Diffusione della cascina a corte nell'area della pianura padana
 http://www.bibliolab.it/casa/cartacase.htm
 


Dapprima cassina non è sufficente a definire una struttura abitativa e produttiva; infatti si deve ricorrere all'espressione "casa et cassina", connotando il termine solo per la parte funzionale dell'edificio rurale. In breve tuttavia cassina si sovrappone anche a casa e passa a designare l'intera dimora rurale.
 Nella sua polisemia cassina poteva essere intesa come dimora rurale riferita alla struttura abitativa e produttiva con concezione esclusivamente economico-funzionale. Viene in questo senso spiegata come "casa de massaro" cioècome unità di lavoro che corrisponde ad una unità familiare.

Nella prima metà del XVII secolo cassina sostituirà la parola massaria ( la dimora del lavoratore ). L'abitato sparso prendeva una denominazione non dalla sua forma bensì da una distinzione tra "costruito" e "coltivato". Cassina viene  a designare l'intero podere con la sua dotazione di terre.  Il termine è dunque polisemico e del tutto adattabile a svariati impieghi.
In un documento del 1575 così viene definita una cassina presso Tronzano:
" Et primo petia una di terra sive sedime co la cassina dentro et il sitto di una fontana co il suo cano o sia fosso atorno detto sedimen, laqual casina si è di trabate otto nelli quali gli è una casa et stalla oue al presente habita il massaro:::".

 


Cassina della Stella - Cabreo del Conte delle Lanze di Sali ( prima del 1749 ) -
Tratto da Archivio di Stato di Vercelli - L'agro vercellese nei secoli XVII-XIX

 

In generale, il sedimen comprende, oltre all'edificio, l'aia, l'orto di norma cintato, a volte un canapale, spesso un prato, il tutto concepito come di frequente come unitario.
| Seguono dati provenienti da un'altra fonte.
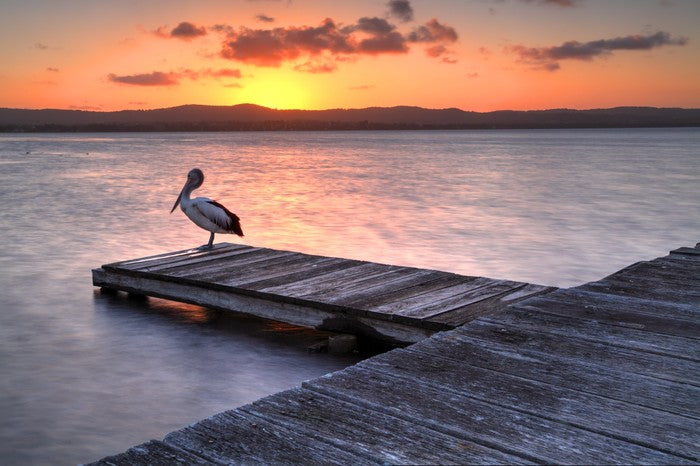 Sunset at Long Jetty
Il sedimen d'altronde è in larga misura assimilabile allo spazio interno delle «corti» moderne, diversamente dalla corte così come è intesa nei nostri documenti, vale a dire lo spiazzo, antistante l'edificio rurale, parte del quale è definito «ajra», là dove si batte il grano.
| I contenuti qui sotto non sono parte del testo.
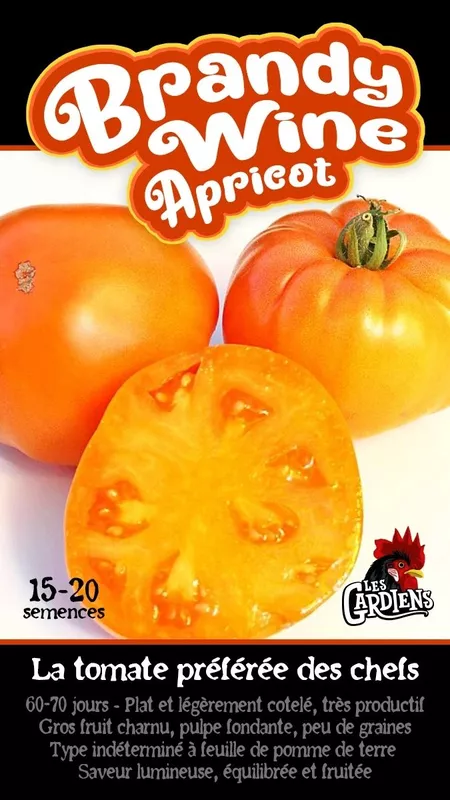 Semences de tomates Brandy wine apricot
Tutto ciò favorì la chiusura della corte. Nel 1680, a Momo, dato l'arrivo di un'epidemia, uno dei massari del marchese Carli della Porta fa recingere con una siepe il sedimen. Anche se non vi era ancora una recinzione muraria la cassina può far riferimento ai paesaggi ad enclos (recinzioni), riguardanti soprattutto l'abitato.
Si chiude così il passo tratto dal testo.